_EXERCISE PROMPT_
Repeat the listing below exactly. Pictures do not belong in the copy.

_DATASET EXTRACT_
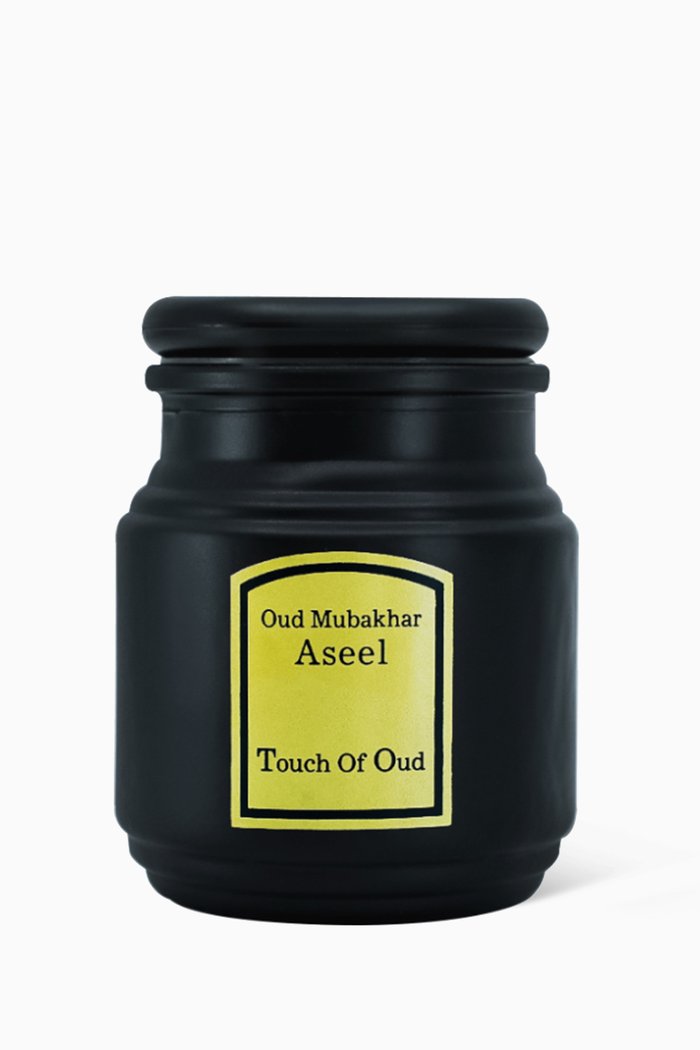 Oud Mubakhar Aseel, 50g, Colourless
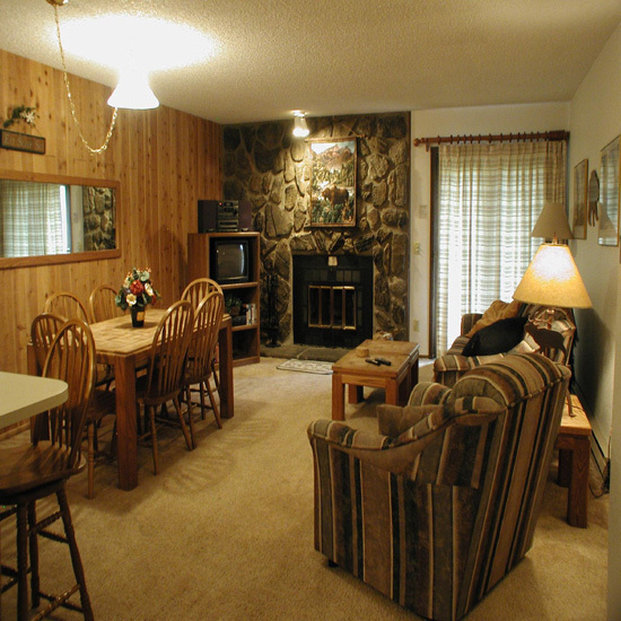 Silverado Ii Condominiums - Winter Park, CO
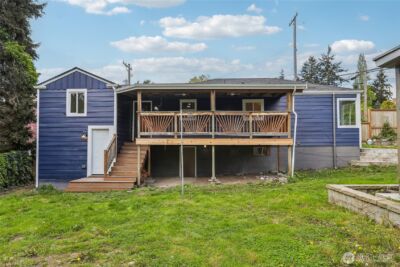 102 S 56th Street , Tacoma, WA 98408 - Photo 28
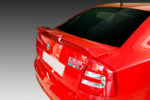 Αεροτομή Skoda Rapid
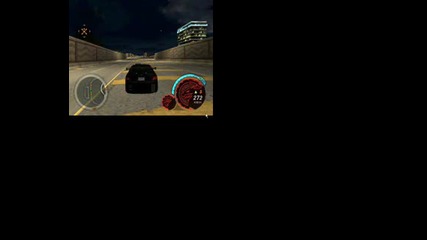 Nfs Underground 2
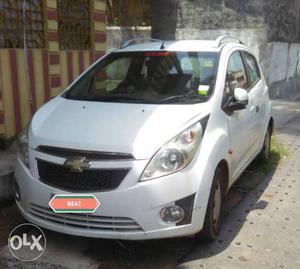  Chevrolet Beat petrol  Kms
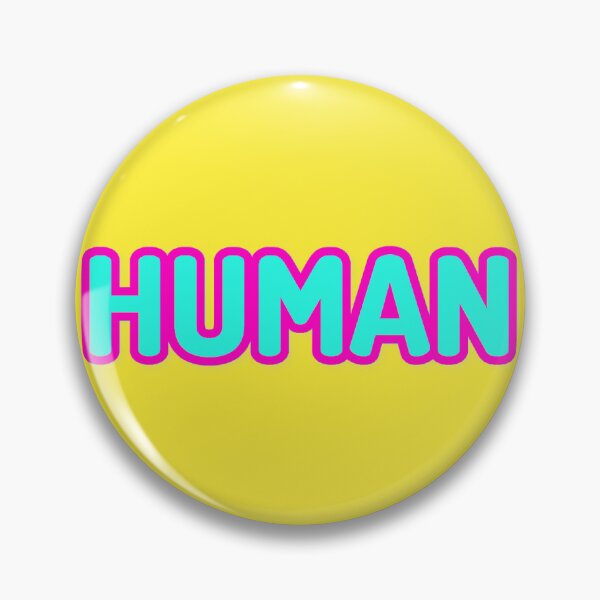 Item preview, I am a Bold Human Being designed and sold by Parallel-Shore.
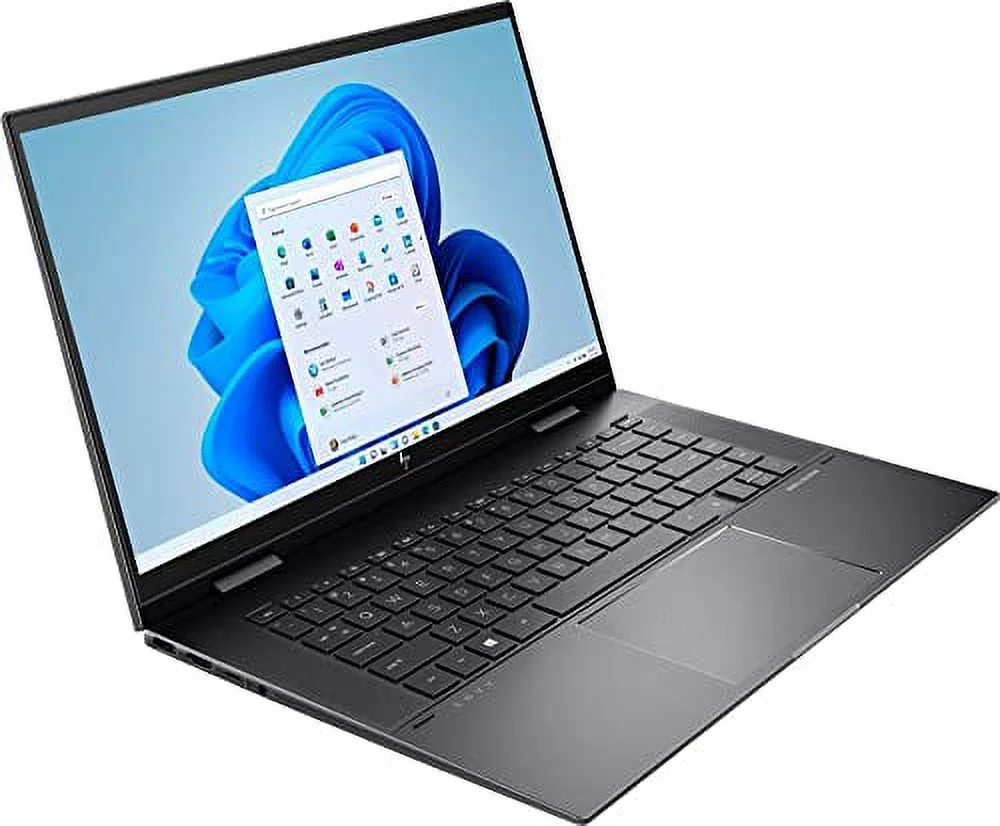 HP 2022 Envy X360 15.6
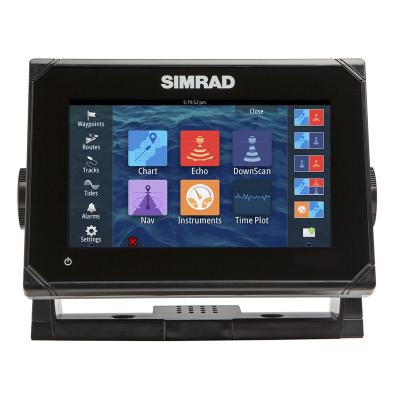 Ехолот Simrad GO7 - изображение 2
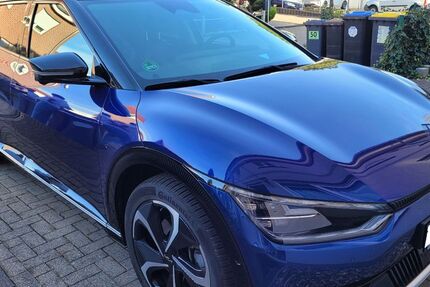 Kia EV6 38.000 km 35.490 € Köln 50735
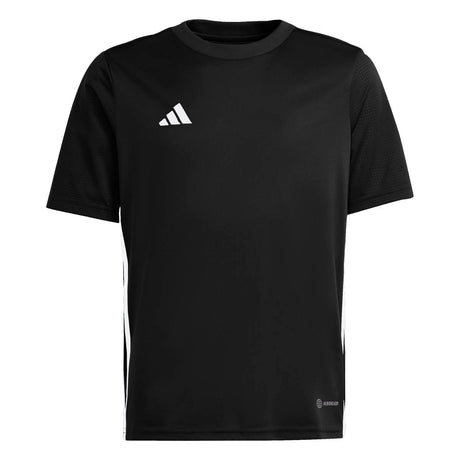 adidas Youth Tabela 23 Soccer Jersey-2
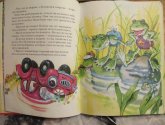 Книга "Автомобильчик Бип" - Тамара Крюкова
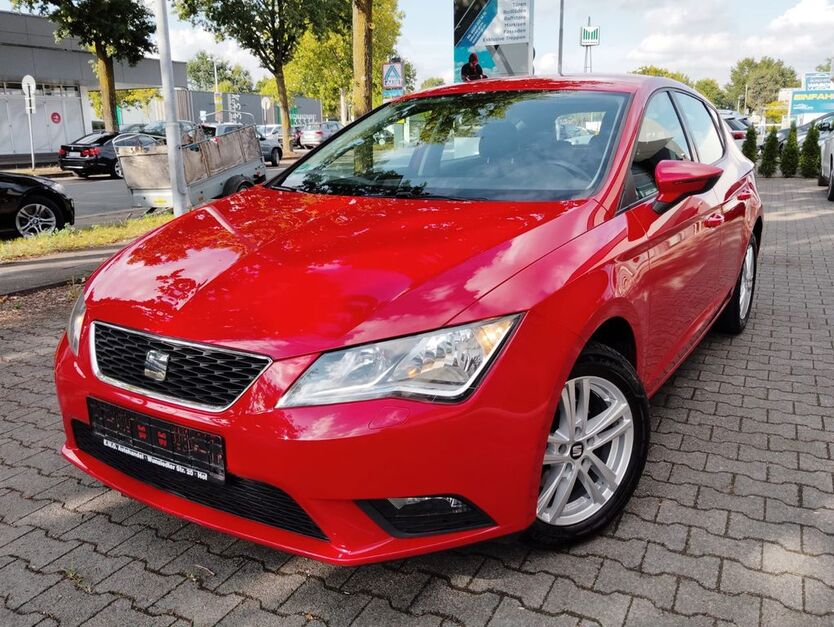 Seat Leon 197.000 km 6.700 € Gütersloh 33334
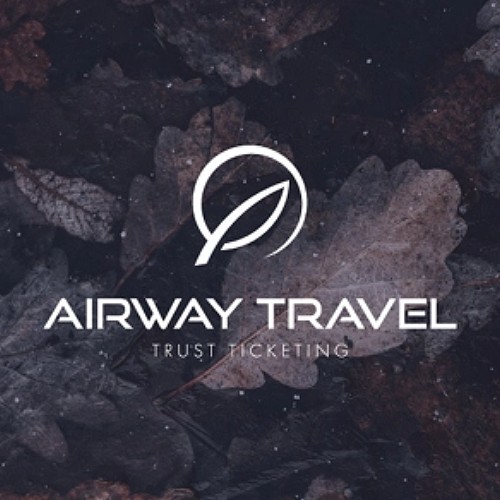 Minimalist-Travel-Logo-Design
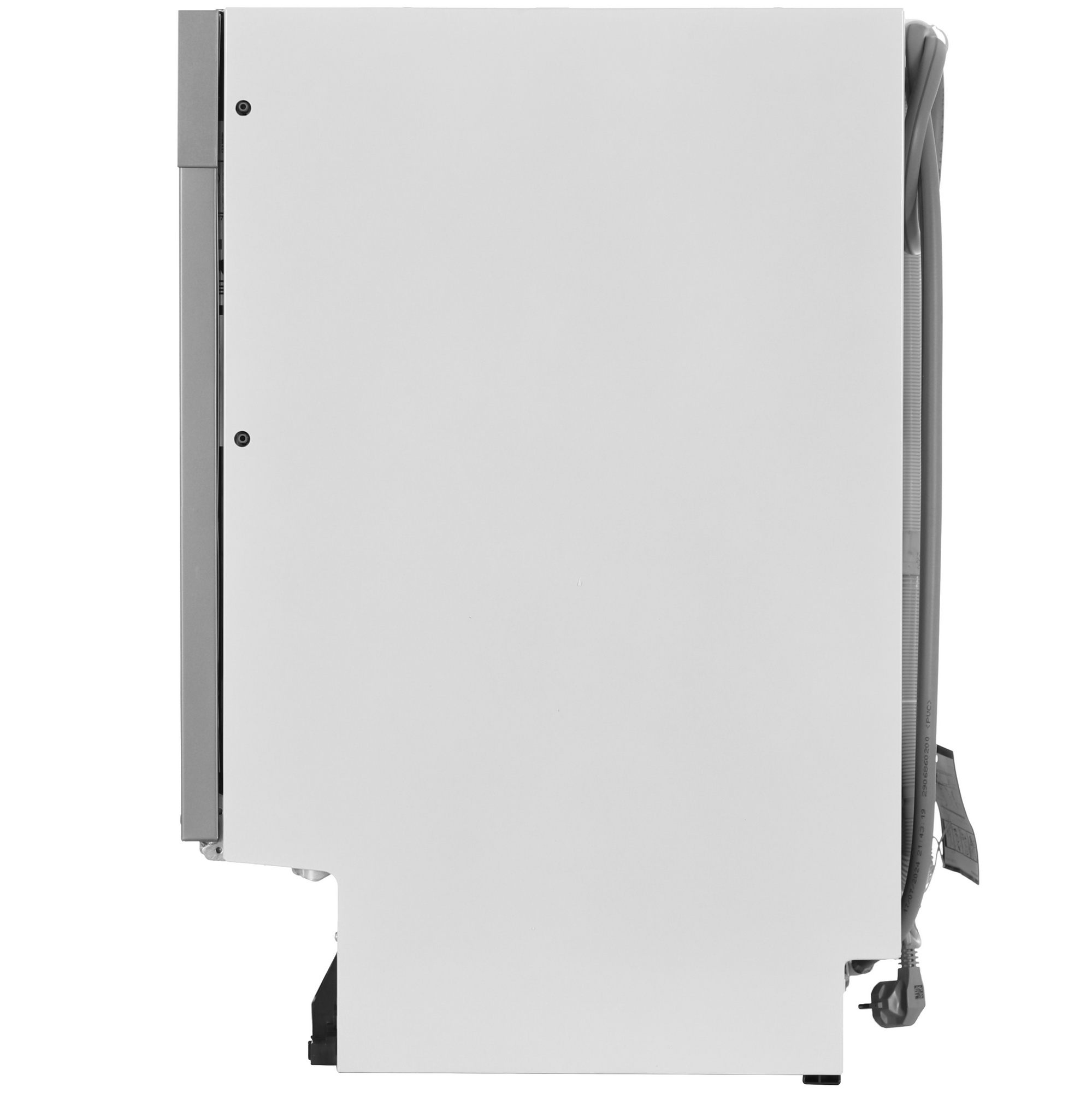 9106607 Встраиваемая посудомоечная машина Hotpoint HIS 6C59 STDN-0148614 - Вид №3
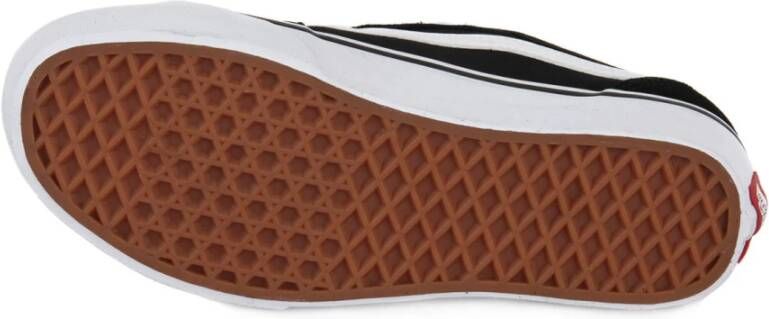 Vans Filmore decon sneakers Zwart Dames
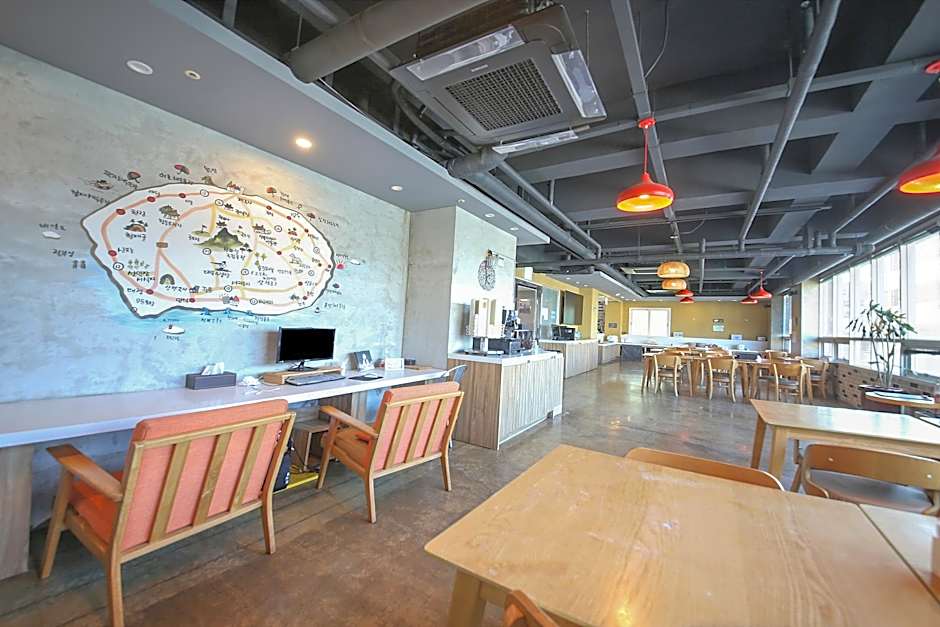 Hotel Rest seogwipo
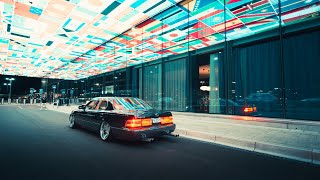 Player Profile LS400 cruisin' with custom taillights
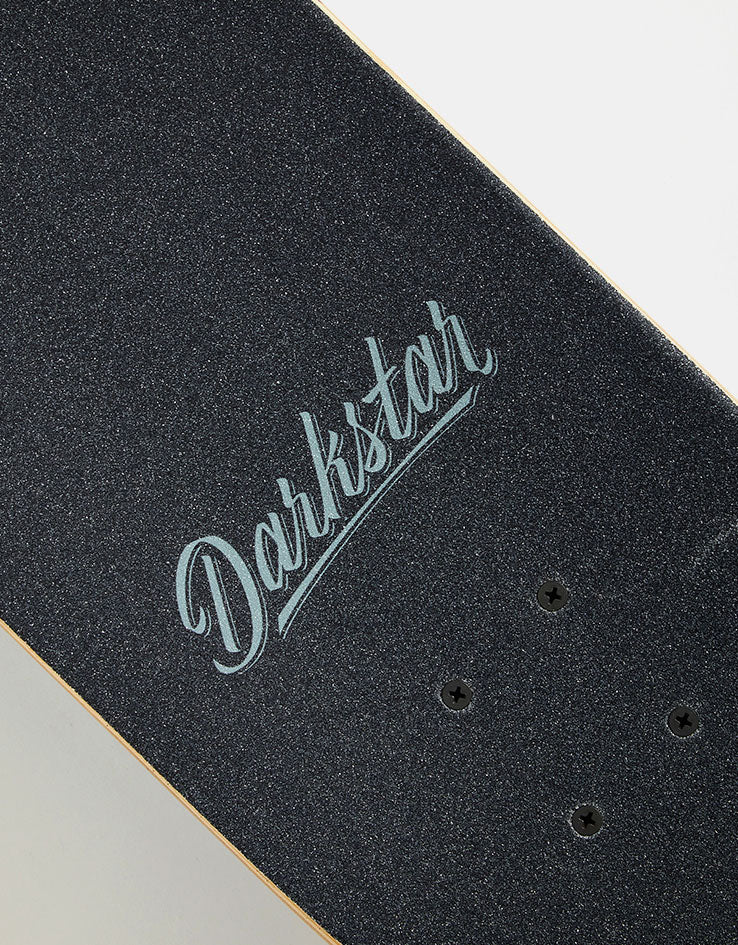 Darkstar Goth Girl Complete Skateboard - 7.875"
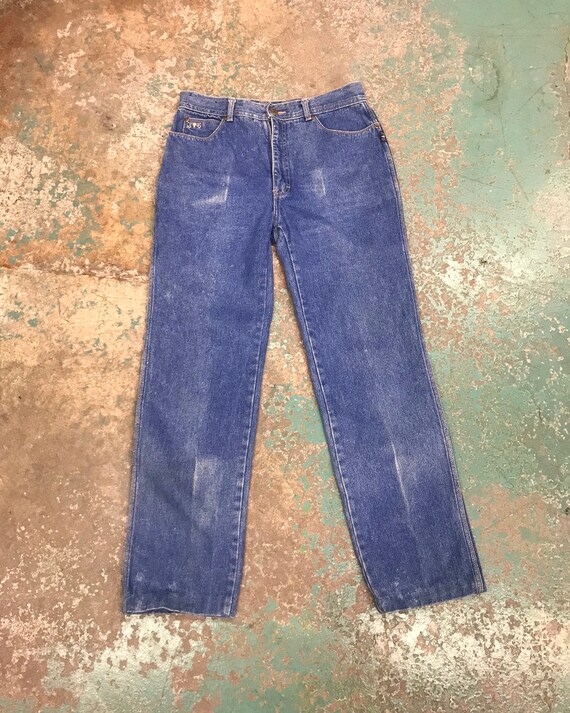 western sergio jeans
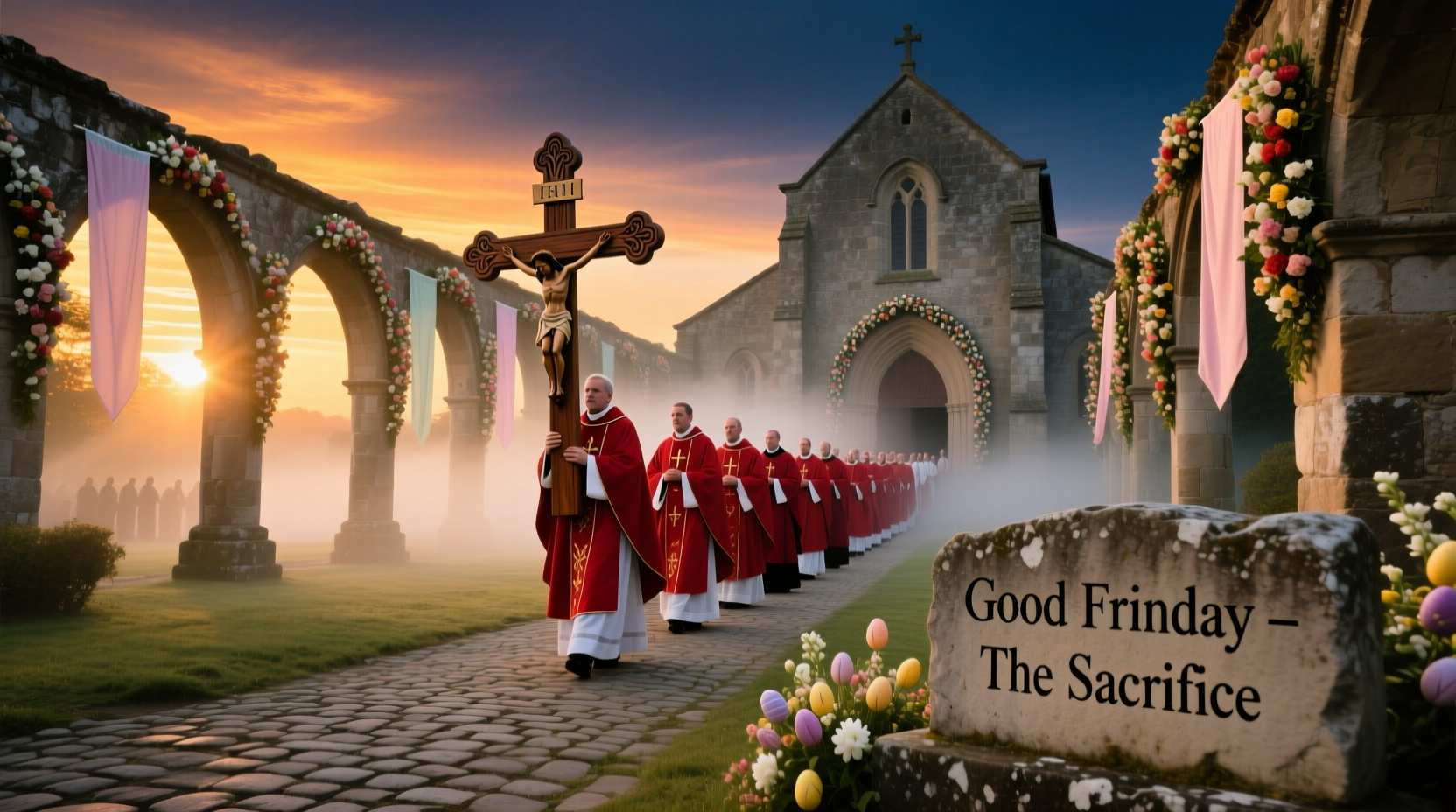 what is good easter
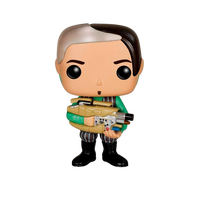 Figura POP The Fifth Element Zorg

_EXERCISE RESPONSE_
 Oud Mubakhar Aseel, 50g, Colourless
 Silverado Ii Condominiums - Winter Park, CO
 102 S 56th Street , Tacoma, WA 98408 - Photo 28
 Αεροτομή Skoda Rapid
 Nfs Underground 2
  Chevrolet Beat petrol  Kms
 Item preview, I am a Bold Human Being designed and sold by Parallel-Shore.
 HP 2022 Envy X360 15.6
 Ехолот Simrad GO7 - изображение 2
 Kia EV6 38.000 km 35.490 € Köln 50735
 adidas Youth Tabela 23 Soccer Jersey-2
 Книга "Автомобильчик Бип" - Тамара Крюкова
 Seat Leon 197.000 km 6.700 € Gütersloh 33334
 Minimalist-Travel-Logo-Design
 9106607 Встраиваемая посудомоечная машина Hotpoint HIS 6C59 STDN-0148614 - Вид №3
 Vans Filmore decon sneakers Zwart Dames
 Hotel Rest seogwipo
 Player Profile LS400 cruisin' with custom taillights
 Darkstar Goth Girl Complete Skateboard - 7.875"
 western sergio jeans
 what is good easter
 Figura POP The Fifth Element Zorg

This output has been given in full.